• **Your assignment**
In full and unchanged, set down the entries that follow, with no images.

• **Information given**
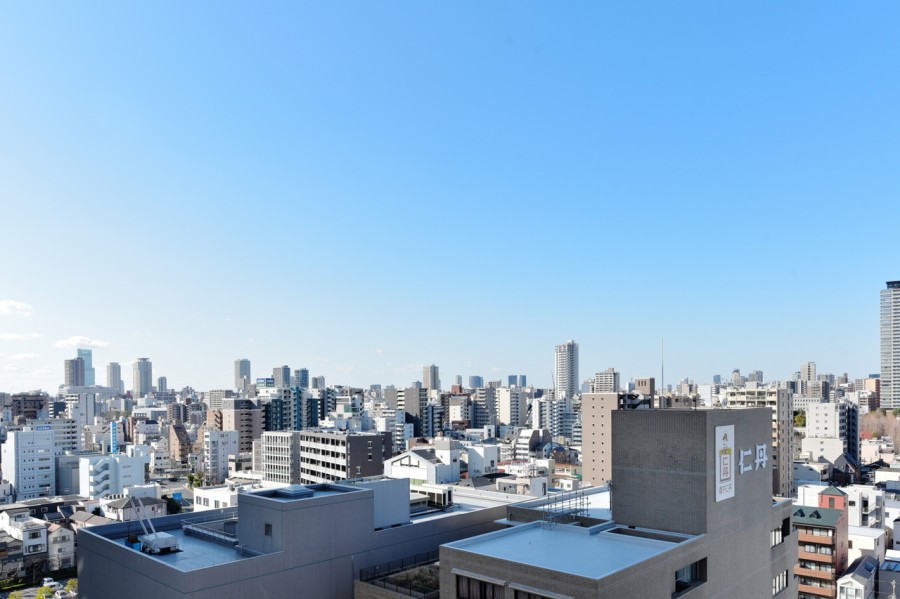 時間や季節とともに変化していく大きな空を眺めながら、大きく伸びをしたくなるような眺めが広がります。窓を開けてリラックスできる、心地の良い時間が過ごせます。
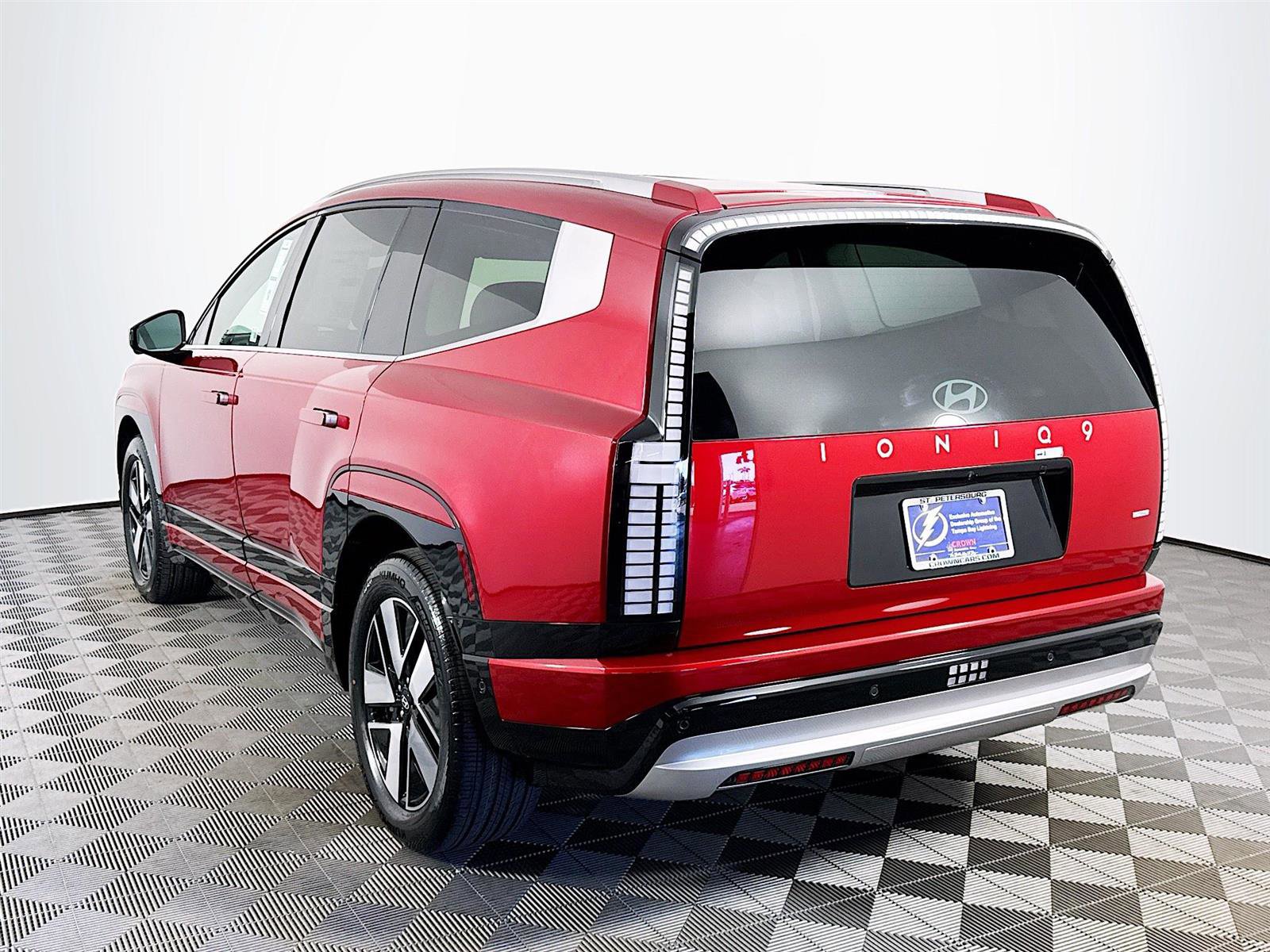New 2026 Hyundai Ioniq 9 SEL image 5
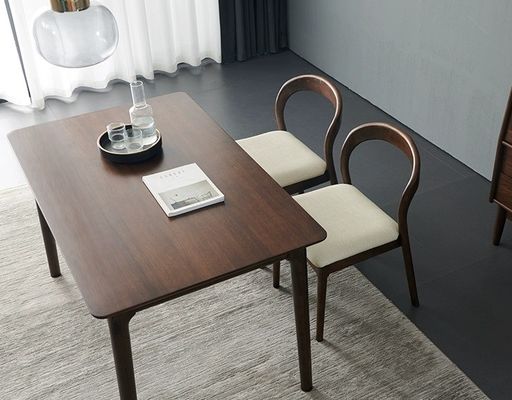 Moderna mesa de comedor y silla de madera nórdica con marco de madera de caucho para oficina en el hogar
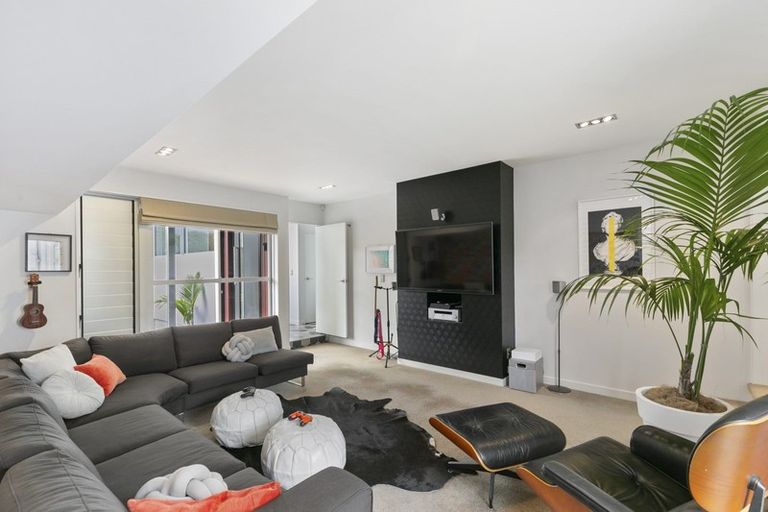 Photo of property in 32 Torwood Road, Khandallah, Wellington, 6035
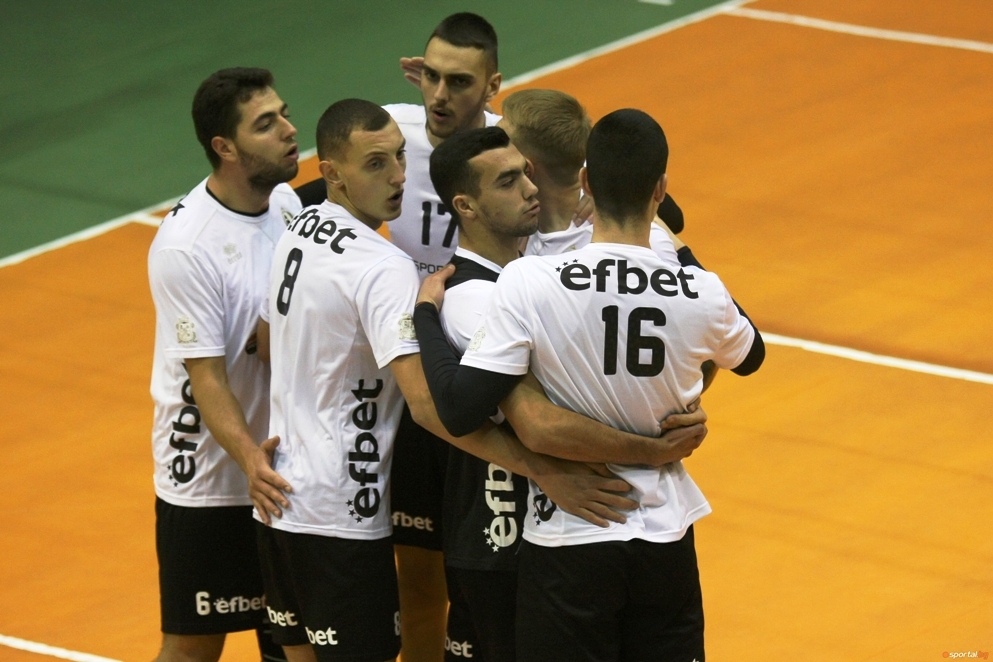 Отборът на Славия записа първа победа през сезона във волейболната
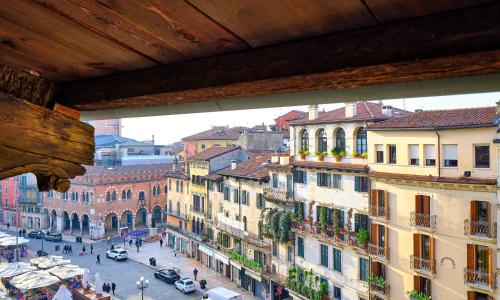 ApartmentsArena - Residenza Degli Scaligeri - Piazza Erbe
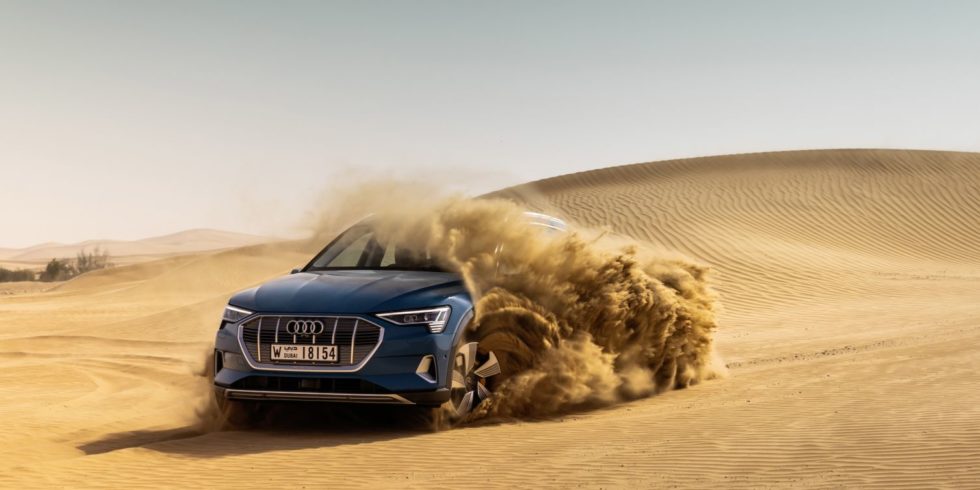 Der Audi E-tron in der Wüste Abu Dhabis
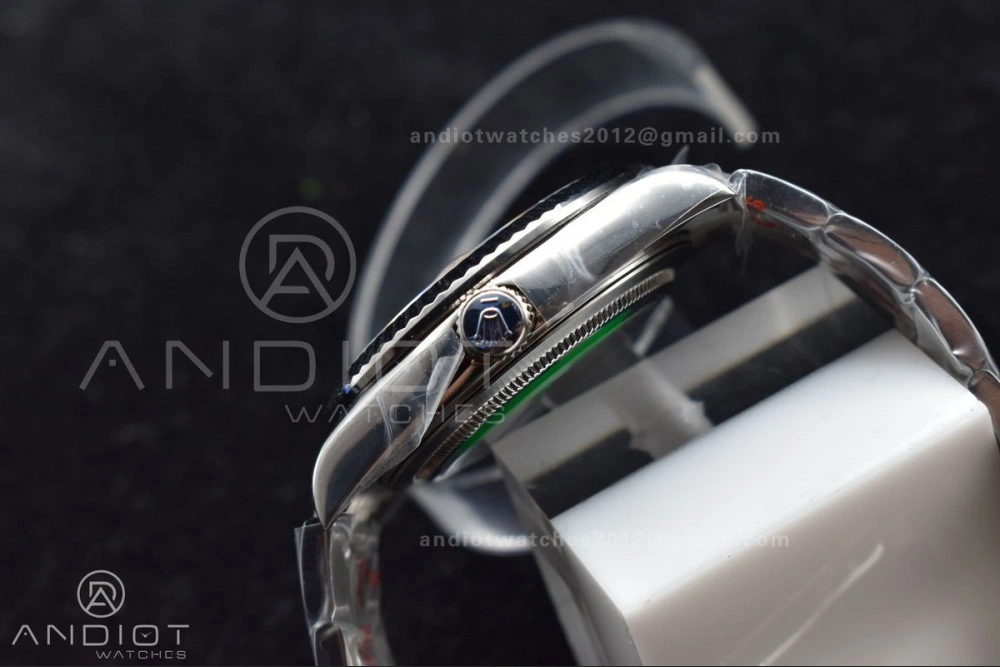 MoistureWicking Skydweller SS TWF Best Edition White Dial on SS Bracelet 1123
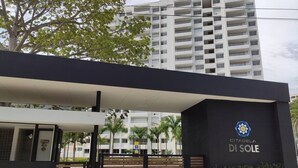 A modern building entrance with a black facade and a logo that reads "CITADELA DI SOLE". - ¡Te va a Encantar! Disole 1104 (Santa Fé de Antioquia)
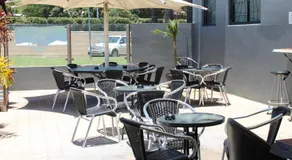 Rocky Glen Hotel Motel Gladstone - Image 4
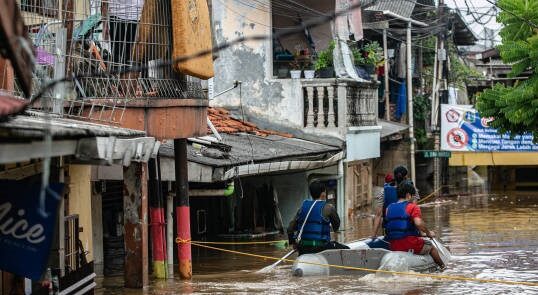 جاری شدن سیلاب های مرگبار در اندونزیا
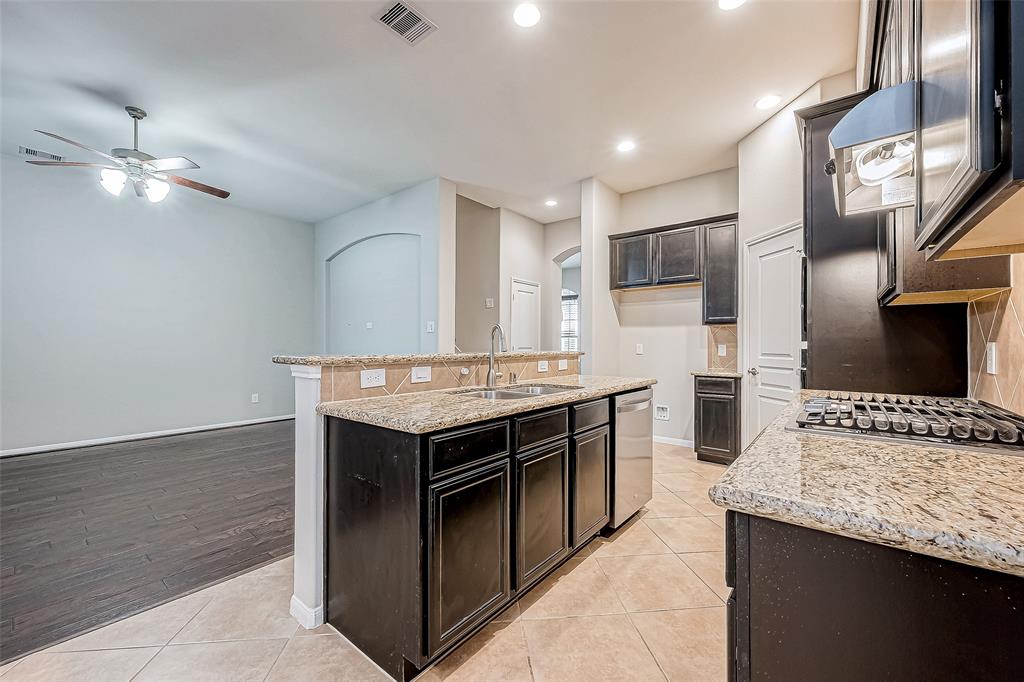 9154 Sunlight Oak Lane, Houston, Texas image 19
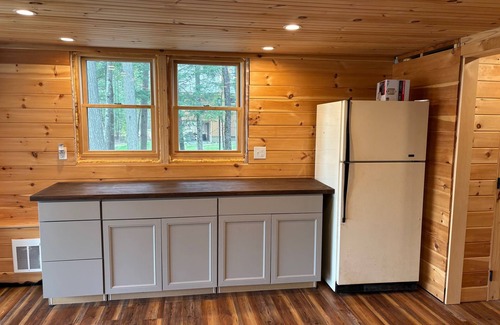 Limerick Cabaña | Lovely 2-bedroom cottage with AC in Limerick, ME on Sokokis Lake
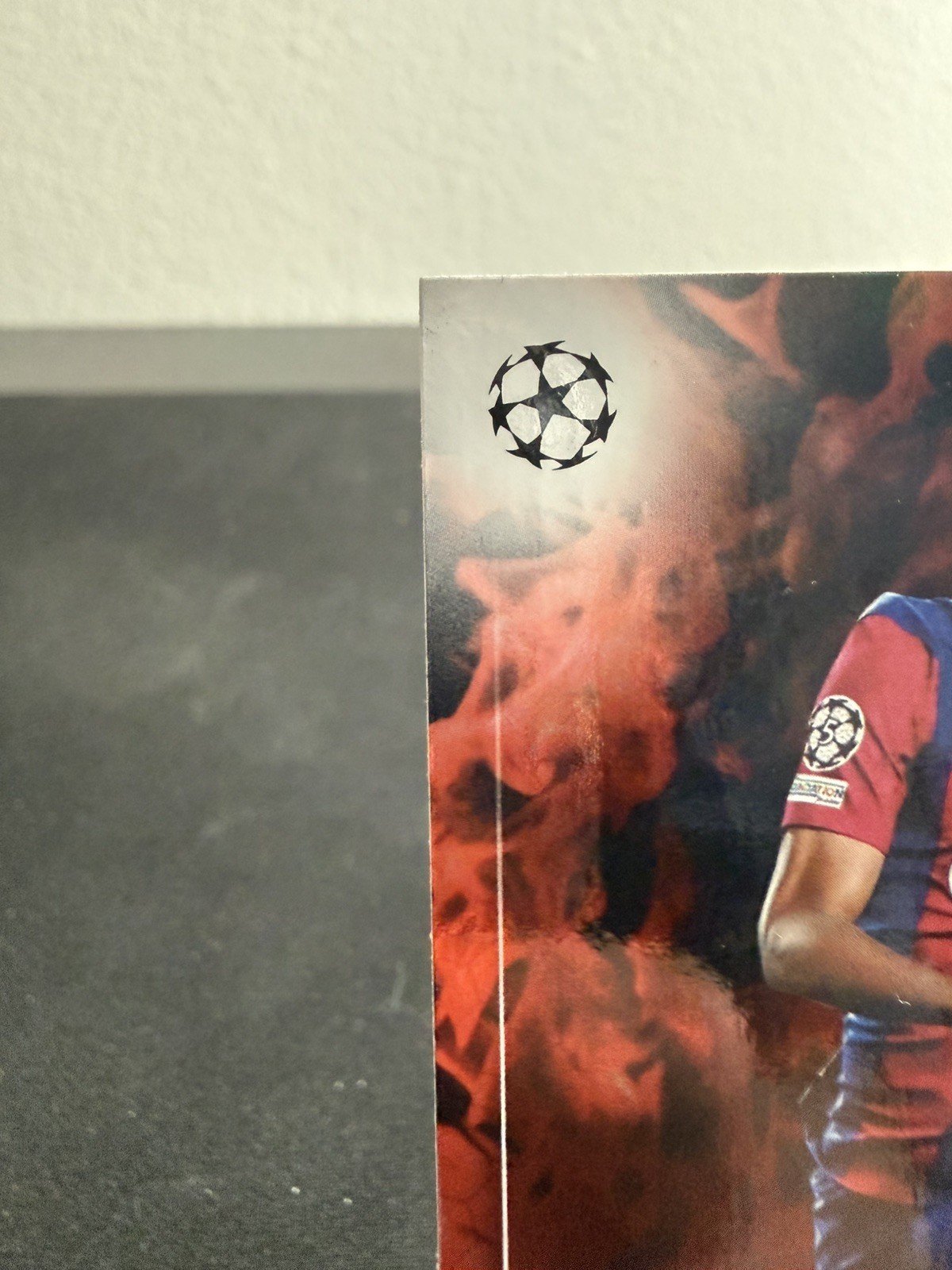 2023-24 Topps UEFA Club Competitions - Lamine Yamal #64 Inferno Foil (RC) view 4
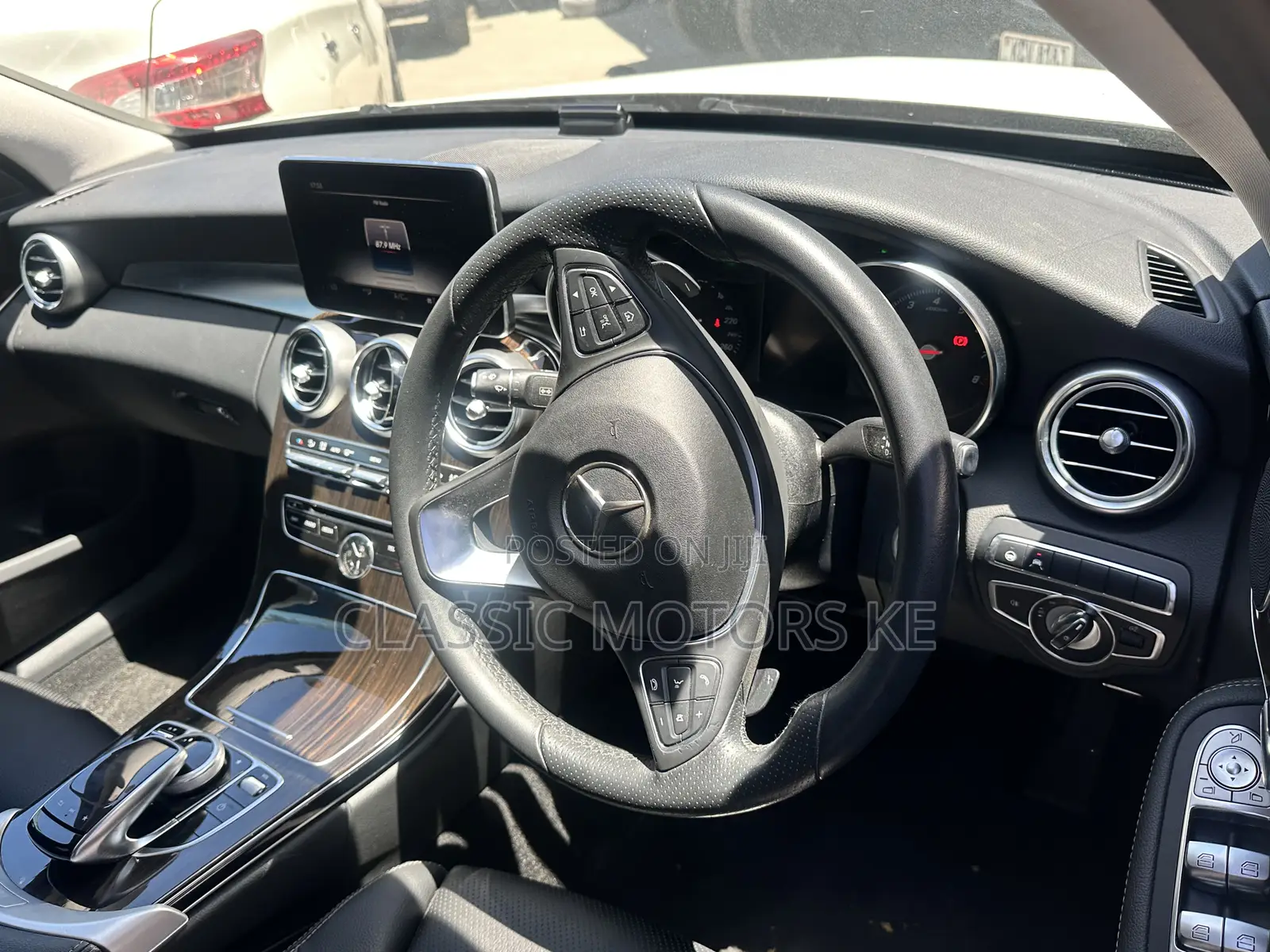 Mercedes-Benz C200 2018 White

• **Answer area**
 時間や季節とともに変化していく大きな空を眺めながら、大きく伸びをしたくなるような眺めが広がります。窓を開けてリラックスできる、心地の良い時間が過ごせます。
New 2026 Hyundai Ioniq 9 SEL image 5
 Moderna mesa de comedor y silla de madera nórdica con marco de madera de caucho para oficina en el hogar
 Photo of property in 32 Torwood Road, Khandallah, Wellington, 6035
 Отборът на Славия записа първа победа през сезона във волейболната
 ApartmentsArena - Residenza Degli Scaligeri - Piazza Erbe
 Der Audi E-tron in der Wüste Abu Dhabis
 MoistureWicking Skydweller SS TWF Best Edition White Dial on SS Bracelet 1123
 A modern building entrance with a black facade and a logo that reads "CITADELA DI SOLE". - ¡Te va a Encantar! Disole 1104 (Santa Fé de Antioquia)
 Rocky Glen Hotel Motel Gladstone - Image 4
 جاری شدن سیلاب های مرگبار در اندونزیا
 9154 Sunlight Oak Lane, Houston, Texas image 19
 Limerick Cabaña | Lovely 2-bedroom cottage with AC in Limerick, ME on Sokokis Lake
 2023-24 Topps UEFA Club Competitions - Lamine Yamal #64 Inferno Foil (RC) view 4
 Mercedes-Benz C200 2018 White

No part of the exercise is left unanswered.